INFORMATION PROVIDED
______________________________

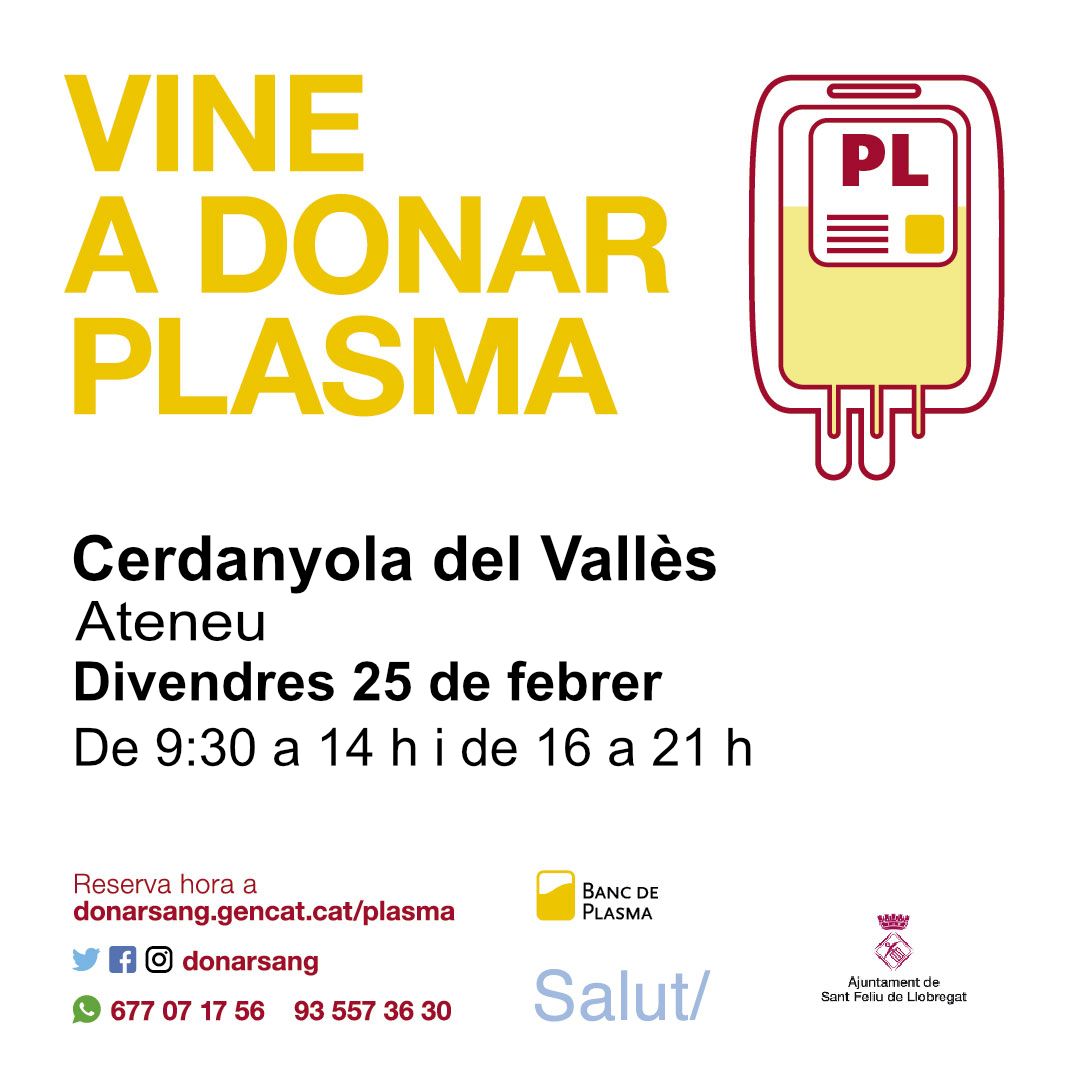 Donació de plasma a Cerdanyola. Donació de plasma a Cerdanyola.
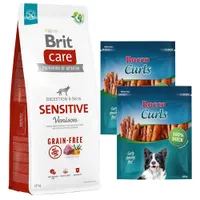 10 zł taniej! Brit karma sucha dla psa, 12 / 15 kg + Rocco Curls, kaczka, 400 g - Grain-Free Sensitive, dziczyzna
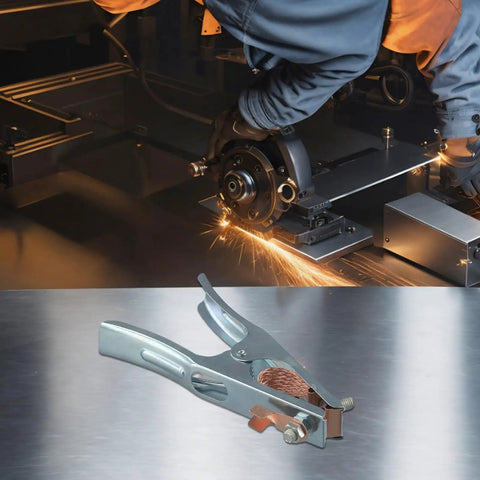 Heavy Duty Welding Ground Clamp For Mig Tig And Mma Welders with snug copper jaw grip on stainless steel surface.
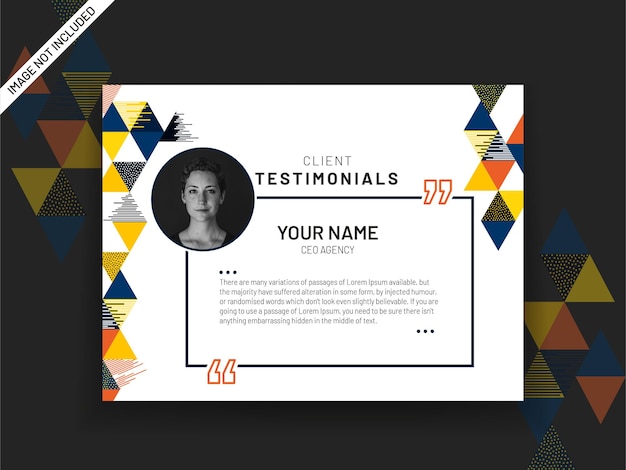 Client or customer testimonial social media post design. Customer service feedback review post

______________________________

TO DO
Please return the lines from the line with "10 zł taniej!" through the last line of the data, both included, exactly, and without pictures.

WRITTEN RESPONSE
 10 zł taniej! Brit karma sucha dla psa, 12 / 15 kg + Rocco Curls, kaczka, 400 g - Grain-Free Sensitive, dziczyzna
 Heavy Duty Welding Ground Clamp For Mig Tig And Mma Welders with snug copper jaw grip on stainless steel surface.
 Client or customer testimonial social media post design. Customer service feedback review post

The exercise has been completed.